I was actually standing on the edge of the West Ham box, as I had gone up for what I thought would be our last attack and can remember watching the ball speed past me before flying into the net.
It was the sweetest strike I have ever seen and it perfectly illustrated Steven’s talent. The best goals, I feel, are the ones that make a difference to the biggest games and that ticked every box.
Marco van Basten, Soviet Union 0-2 Holland, Euro 1988 final
An unbelievable goal. Even having the audacity to try it from that angle is incredible. As a defender, you just have to admit there is nothing you can do.
I saw Dennis Bergkamp hit goals like that in training. The fact it was at a major championship makes it even better. Van Basten’s goal was the sort that makes you think: ‘Wow, how can I play against that’

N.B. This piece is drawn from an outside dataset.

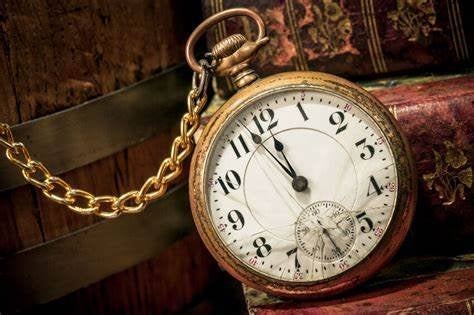 TE KOOP GEVRAAGD OUDE ANTIEKE HORLOGE'S EN KLOKKEN., Ophalen, Polshorloge, Overige merken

Lionel Messi, Real Madrid 0-2 Barcelona, 2011 Champions League semi-final, first leg
Johnny Metgod’s thunderbolt free-kick for Nottingham Forest against West Ham lodged in my memory for many years. For some reason, I was behind the goal as it crashed into the roof of the net and had never seen a football travel so fast.
Then last year I witnessed Lionel Messi’s snake-hipped slalom in the Bernabeu, dripping in technical brilliance yet delivered in the most intense atmosphere imaginable. It has displaced Hotshot Johnny at the top of my list.
Diego Maradona, Argentina 2-1 England, 1986 World Cup quarter-final
The Foot (as opposed to Hand) of God goal by Diego Maradona against England in Mexico 86.
In the context of a big World Cup tie against what was at the time a competitive opponent, this was not only genius beyond belief but a masterpiece delivered under pressure.
All Diego Armando had to do was swerve, sprint and evade most of the players in one of the best defences in the world and then flip the ball past one of the best goalkeepers in the tournament.
Esteban Cambiasso, Argentina 6-0 Serbia and Montenegro, 2006 World Cup first round
There were 23 passes before Hernan Crespo backheeled the ball into the path of Esteban Cambiasso, who drove it high into the net. There is an unwritten rule regarding press-box etiquette. You don’t clap. I broke it that day.
Luis Garcia, Liverpool 2-1 Juventus, 2005 Champions League quarter-final, first leg
Scoring didn’t even appear an option but he unleashed an outrageous 30-yard, left-foot half-volley that raced and dipped past Gianluigi Buffon into the net.
As Andy Townsend said in his ITV commentary: ‘That’s 32million-worth of goalkeeper and he can’t do a thing about it!’